Я не помню точно, когда и как началась твоя работа у Веры Михайловны, было ли это осенью 1925 года или в начале 1926 года. Вера Михайловна поставила условием, чтобы ты явилась с приданым в виде микроскопа и притом микроскопа хорошего. Мне удалось найти для тебя очень хороший микроскоп в Геофизическом институте, где он лежал совершенно без дела. И я, и ты думали, что, введя тебя в работу, она постарается как-нибудь сделать ее понятной для тебя. Я всегда думал и думаю, что технический персонал должен понимать то, что делается, и от этого бывает в выигрыше и патрон, и подчиненный, и сама работа. С этим теоретически Вера Михайловна была согласна (может быть, это была чисто словесная уступка духу времени и места). Практически она никогда не давала никаких объяснений, а говорила: «делайте то-то и то-то». Еще тебе, страха ради, соблаговоляла дать несколько пояснений, хотя и раздражалась каждым твоим вопросом, но с Тальгрен совершенно не стеснялась, и та, уходя от нее, понимала не больше, чем в самом начале.

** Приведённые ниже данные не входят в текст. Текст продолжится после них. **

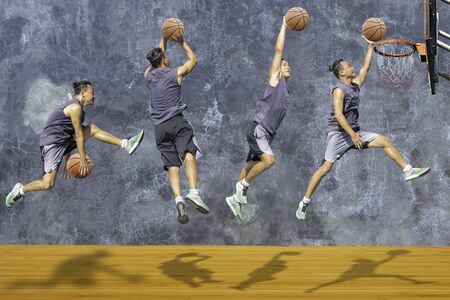 Basketball in hand man jumping Throw a basketball hoop On the wooden floor Background plaster wall loft  with The pattern of cracks.の写真素材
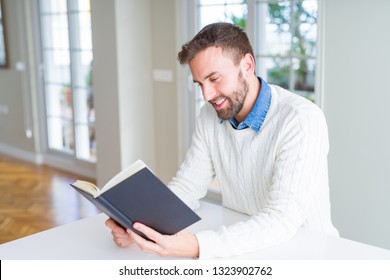 Handsome Man Reading A Book At Home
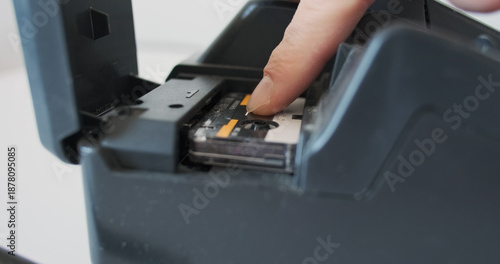 Micro cassette insert into an old telephone answering machine, fax, analog recording of a conversation, retro device, side-view close-up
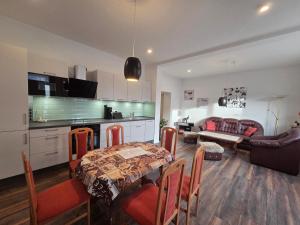 a kitchen and a living room with a table and chairs at Apartment am Saaleradwanderweg in Merseburg +10 photos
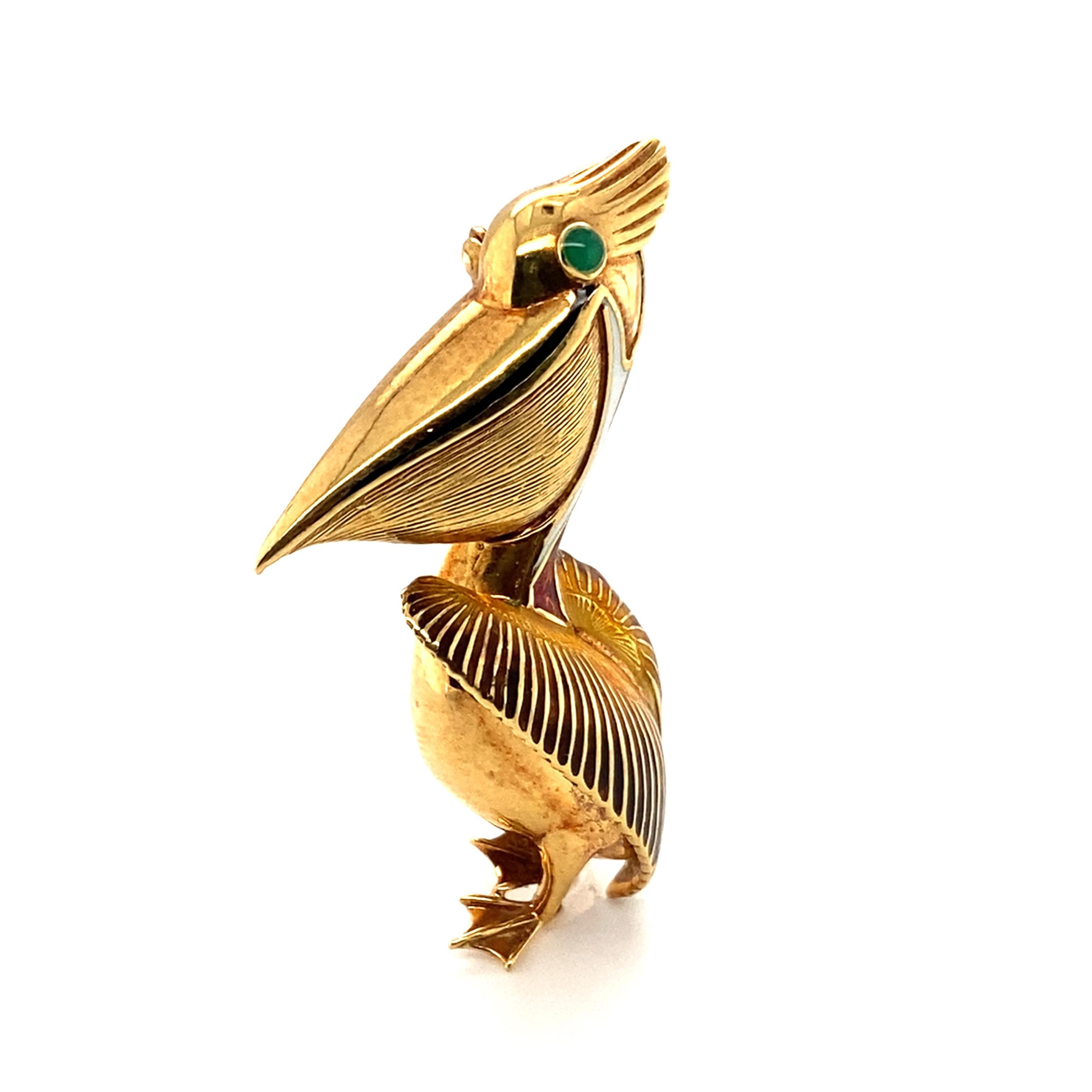 Item Details: 
Metal: 18 Karat Yellow Gold 
Weight: 10.6 grams 
Measurements: 2 inches long x 1 inch wide

Item Features:
Beautifully crafted 1970s vintage enamel pelican set in 18 karat yellow gold. Has intricate enamel work and a green emerald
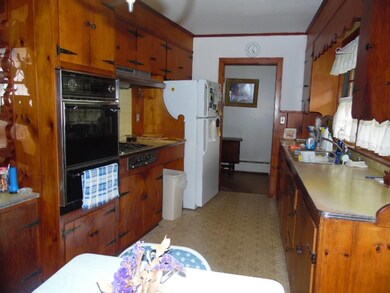 Kitchen with built in wall oven and counter top ra
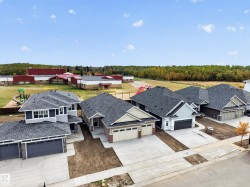 Newly constructed residential properties featuring concrete driveways and attached garages - 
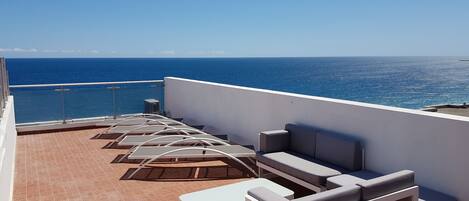 A rooftop terrace with a view of the sea, featuring a row of sun loungers and a white sofa.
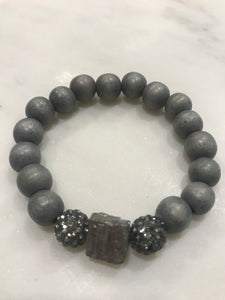 Pyrite center chunk with side pave beads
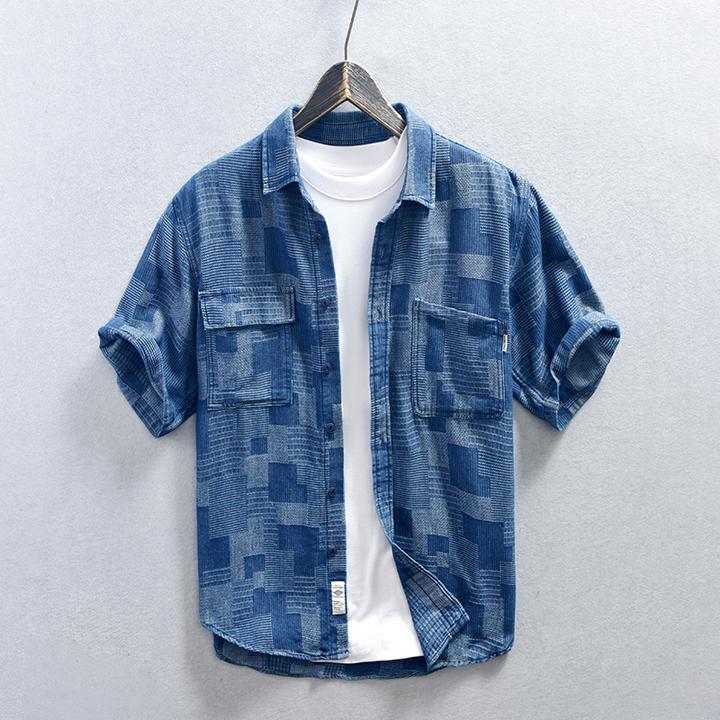 Men's casual blue denim shirt, long sleeve, button-up, relaxed fit for stylish everyday wear.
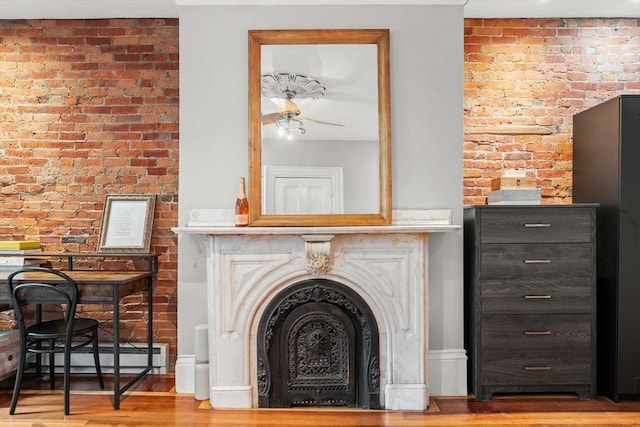 15 Concord Sq Unit 1A, Boston, MA 02118 - detailed view of wood finished floors, brick wall, and a ceiling fan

Со своей собственной дочерью Вера Михайловна была особенно капризна, груба и замкнута. Как-то, это было весной 1928 года, приходит ко мне Вера Евгеньевна с просьбой перевести ее от мамаши куда угодно: хуже не будет. «Позвольте, — говорю я ей, — во всем мире вы не найдете лучшей школы: у вашей матери огромная интуиция, смелая инициатива, блестящая техника; она ставит первоклассные проблемы и уверенно идет к их экспериментальному разрешению». Она расхохоталась и ответила: «Знаете ли вы, что я делаю? Маме нужны для ее опытов человеческие зародыши, и с утра я отправляюсь с ведром по московским госпиталям, где делаются аборты, для того, чтобы вылавливать в помойных ведрах то, что нужно для мамы. Этот обход иногда берет весь рабочий день. Вернувшись, я не получаю благодарности, если улов хороший, и слышу, что я — никуда негодная идиотка, если улов неважный. Беру метлу, привожу в порядок лабораторию, убираю на столах, мою руки и ухожу вместе со всеми. Вот уже сколько месяцев я работаю в этой лаборатории и никогда ничего другого не делала. Никогда ни одного слова пояснений от мамы ни я, ни Тальгрен не слыхали. С вашей женой она хоть немного стесняется».
В то время ты была уже в Париже; осенью, когда мы увиделись, ты подтвердила полностью рассказ Веры Евгеньевны. Удовлетворяла ли тебя эта деятельность? До некоторой степени — да. До самого нашего отъезда за границу в мае 1927 года ты ходила в лабораторию с величайшей регулярностью, дома читала биологические книги из нашей библиотеки, которую я все время пополнял (может быть, не всегда удачно) биологическими новинками, и было твердо решено, что так или иначе ты должна получить правильную школьную биологическую подготовку. Когда мы говорили об этом с Верой Михайловной, она отрицала такую необходимость и уверяла, что, работая у нее, ты приобретешь все нужные знания и технические приемы. Давала ли работа у нее знакомство с техникой? Мне очень трудно судить об этом. У нее ты выполняла техническую работу, но какую именно — я не знал.
Когда для прокормления нам понадобилось тут, в Париже, чтобы ты делала техническую гистологическую работу, и в Сорбонне, и у Брумпта ты сориентировалась с очень большой быстротой. В какой мере тут участвовала твоя большая одаренность и в какой мере тебе помог предварительный стаж у Веры Михайловны, я не знаю. Первое — несомненно, а второе в некоторой степени допускаю[1535].
10 января 1951 г.
Увидев, что на Пятницкой, в Тимирязевском институте, не преодолеть перовского саботажа и что мягкий Навашин — плохая для нее опора, Вера Михайловна решила перенестись в другое место и нашла в Останкино, под Москвой, участок, где выстроила лабораторные помещения и жилой дом. То, что она сумела в рекордное время найти деньги и материал для постройки, а затем построиться, граничит с чудом. Еще более замечательно было то, что, не будучи в состоянии добиться поставки ей ежедневно совершенно свежих и доброкачественных яиц, она завела собственную образцовую куриную ферму. Все это было сделано вопреки плану, бюджету, постановлениям и распоряжениям; будь на ее месте любой из советских ученых, попал бы под суд. Она же сумела устроиться так, что, когда Наркомпрос запротестовал, Луначарский получил сверху нагоняй — и вполне справедливый.